Search Engine Optimization: Get Out Your Checkbook

October 5, 2015

No traffic? Low traffic? No mobile traffic? Can’t find your site on Bing or Google?

If these questions poke your marketing nerve, you may consider hiring an “expert” to help you out. Most of the traffic and “find you in Google” specialists are doing business as SEO experts. Personally I would skip the SEO baloney and just buy traffic love via Google Adwords.

Search engine optimization is a catch all to address expensive Web sites which no one visits. Yikes. Considering that most traffic on the Web flows to five percent of the billion plus Web sites, traffic to a personal or small business Web site is terrible.

What’s the fix?

The SEO crowd wants you to spend money with them, not Adwords. Google’s approach is different. The company wants to sell you traffic. The two ideas are intertwined, but you would not know this by reading “How Much Does Good SEO Cost?”

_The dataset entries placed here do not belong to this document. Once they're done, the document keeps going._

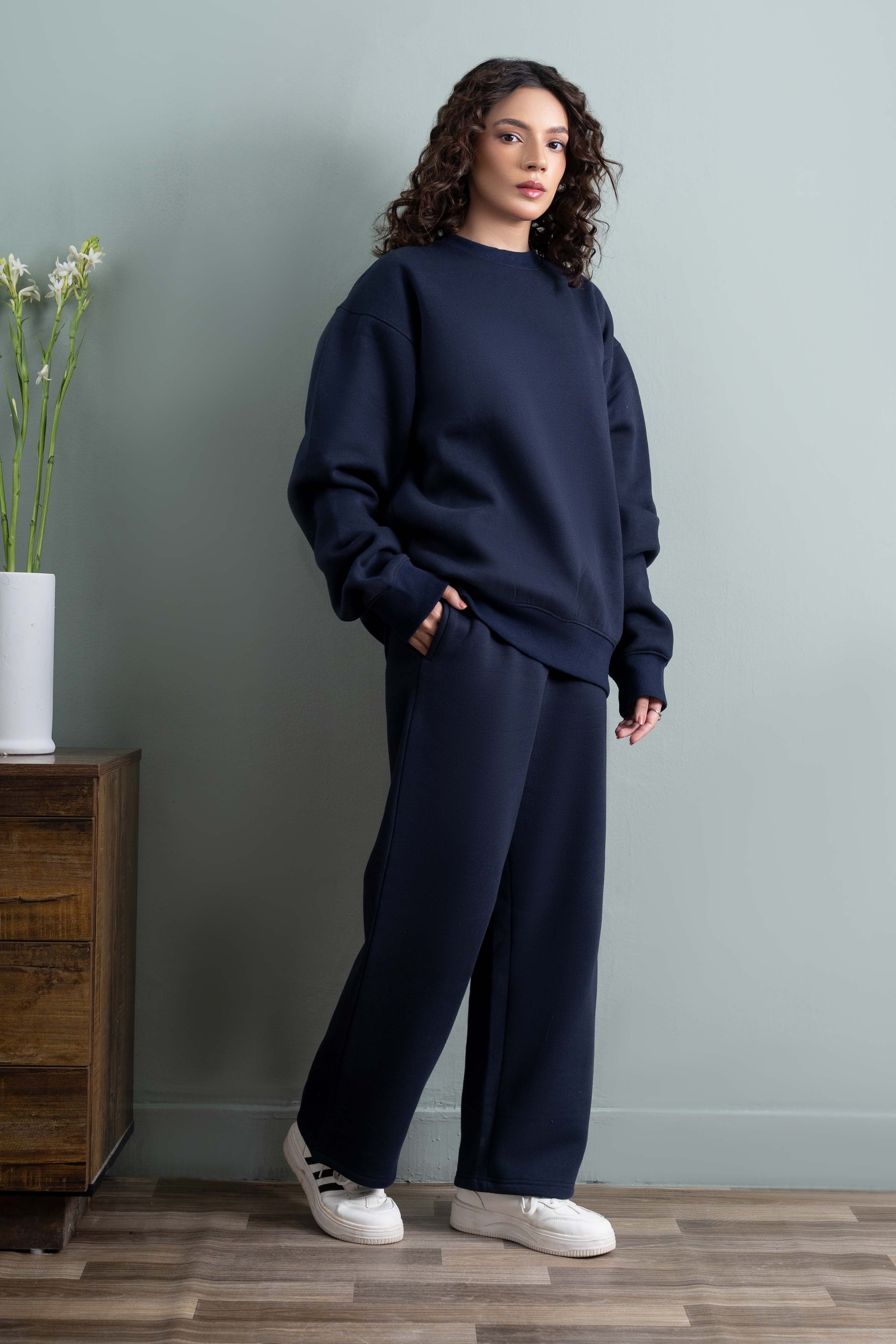 
                          Navy Fleece Set Ecowears Store
                        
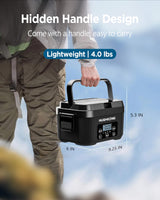 Hugmazing Cordless Electric Lunch Box – Rechargeable Self-Heating Food Warmer with 1100ML SS Container, Battery-Powered Heated Lunch Box, Perfect for Travel, Office Meals for Adults, Men & Women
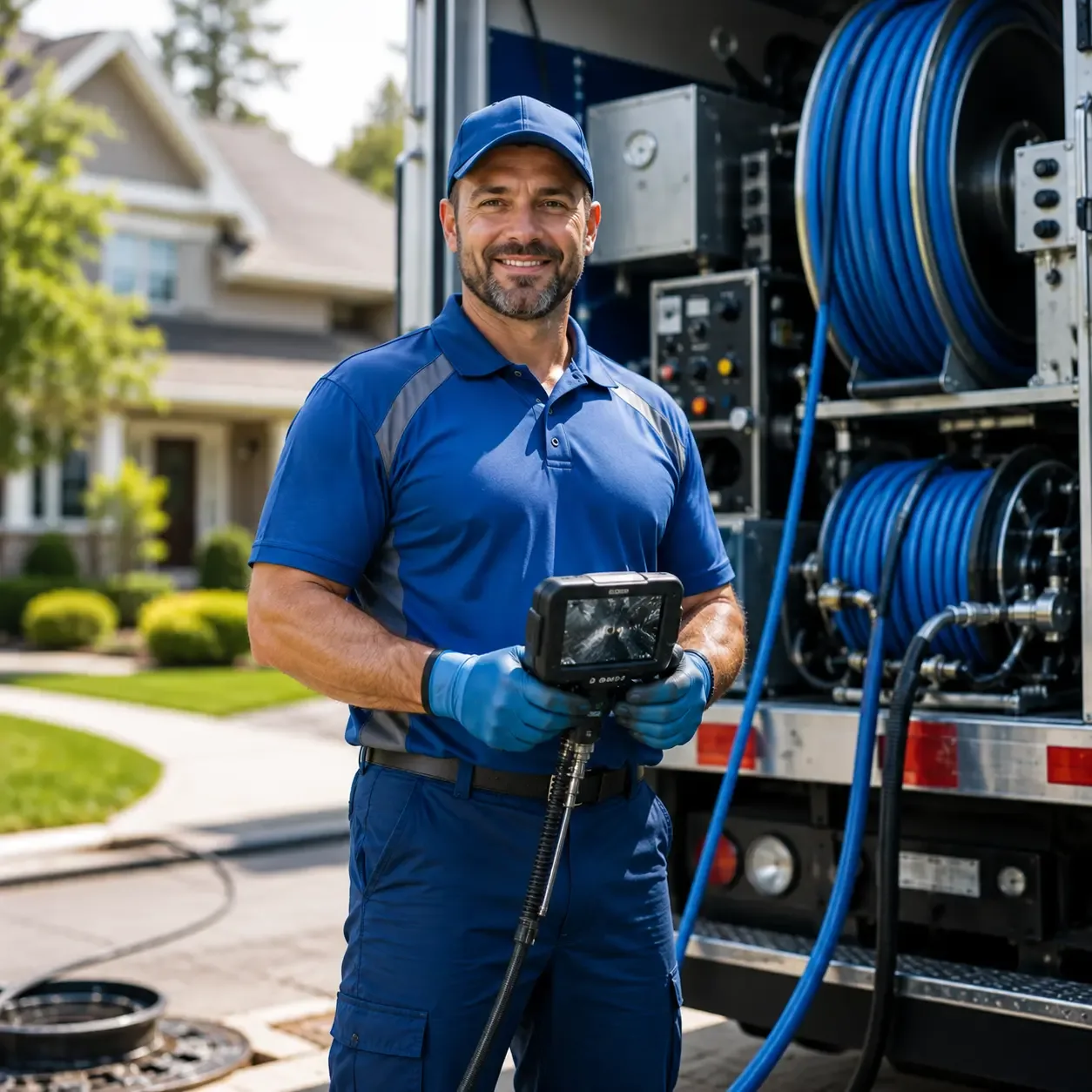 Local outdoor drain cleaning specialists in Blanchard, LA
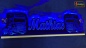 Preview: LED Namensschild Detailzeichnung Zugmaschine Gravur "Mathias" oder Wunschname als Konturschnitt - Truckerschild Neonschild Leuchtschild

The write up summarizes a number of ball park costs; for example:

  • Hire a full time employee: Maybe $50,000 to $100,000. How’s that fit your budget, gentle reader.
  • Hire an agency: No cost given. Use your imagination.
  • Hire a dedicated SEO firm: No cost given. Use your imagination again.

But the way to go is to set aside money for an expert consultant / practitioner. At each stair step, the customer gets more SEO goodness. Exactly what the payoff is, is not clear to me. But here are the suggested price levels spelled out in the write up:

  • Put folks on a monthly retainer. Less than $500 per month. Cheaper than a daily Starbuck’s coffee
  • A retainer for $1,000 to $5,000 per month: This is SEO hog heaven for an outfit with 10 clients, the SEO wizard may generate more free cash than your business
  • $5,000 to $10,000 per month: “Ambitious goals”. You bet
  • $10,000 to $20,000 per month: The owners will retire early if their customers pay their bills.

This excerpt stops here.